During the sessions that produced the recording, the fire department received an emergency call from the Abbey Victoria Hotel (the building that housed the Stea-Phillips Recording Studios). As producer Bob Crewe was insisting upon recording the perfect take, smoke and water started to seep into the studio; the room directly above the studio was on fire, but Crewe had blocked the studio door. He continued recording until firemen used their axes on the door and pulled Crewe out.

==Reception==
"Walk Like a Man" was the Four Seasons' third number one hit. It reached the top of the Billboard Hot 100 on March 2, 1963, remaining there for three weeks. The song also went to number three on the R&B singles chart.
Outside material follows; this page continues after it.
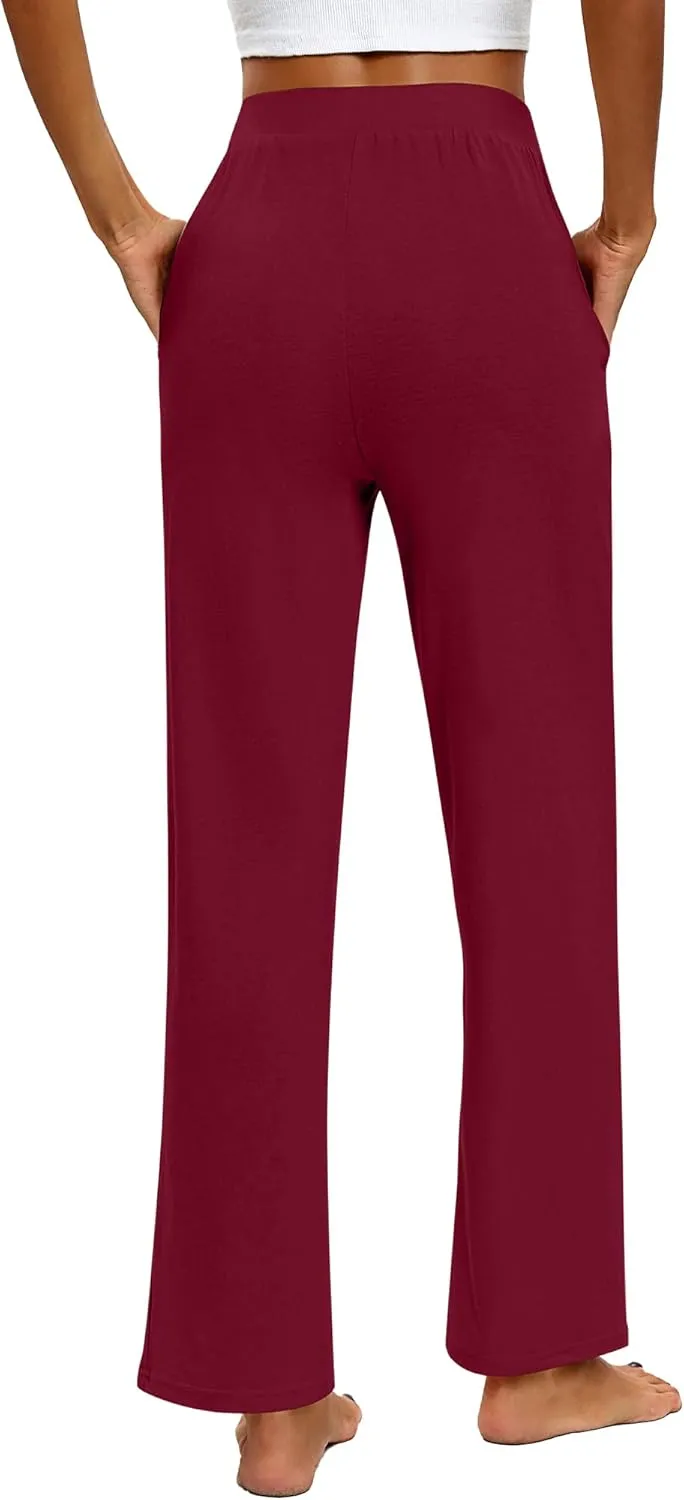 Huukeay 3 Pack Women's Lounge Pants, Cozy Wide Leg Lounge Pants with Pockets Loose Flowy Yoga Sweatpants Workout Comfy Jogger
Cash Box described it as "a feelingful, cha cha beat stomper ... that again sports the falsetto gimmick" and has an "ultra-commercial arrangement by Charles Calello".

==Personnel==
Partial credits.

- The Four Seasons
- Frankie Valli – lead vocals, handclaps
- Tommy DeVito – harmony and backing vocals, guitar, handclaps
- Nick Massi – harmony and backing vocals, bass, handclaps
- Bob Gaudio – harmony and backing vocals, piano, handclaps
- Additional musician and production staff
- Panama Francis – drums
- Bob Crewe – producer
- unknown – engineer

==Charts==

| Chart (1963) | Peak position |
|---|---|
| New Zealand (Lever Hit Parade) | 1 |
| UK | 12 |
| US Billboard Hot 100 | 1 |
| US Billboard R&B | 3 |

==Divine version==

Divine recorded his version of "Walk Like a Man" which was released in 1985 as the lead single from the album Maid in England.

===Track listing===
1. "Walk Like a Man" – 3:50
2. "Man Talk" – 3:23

===Charts===

| Chart (1985) | Peak position |
|---|---|
| Australian Singles Chart | 75 |
| German Singles Chart | 52 |
| Irish Singles Chart | 23 |
| Swiss Singles Chart | 28 |
| UK Singles Chart | 23 |

==Other versions==
Other versions have been recorded by artists such as Jan & Dean (1963) off the album Jan & Dean Take Linda Surfin, the Mary Jane Girls (1986), Dreamhouse (2008) and Chance & The Phantasmics (2012). Plastic Bertrand did a version in French, entitled C'est Le Rock 'n' Roll (1978), and Hungarian band Bon Bon recorded the song with the title Sexepilem (1999).

==In popular culture==
The song is featured in the opening credits of the 1979 film The Wanderers, as well as the films Heart and Souls (1993), Mrs. Doubtfire (1993) and Sleepers (1996). It is included in the 2004 biographical jukebox musical Jersey Boys, as well as the 2014 film adaptation.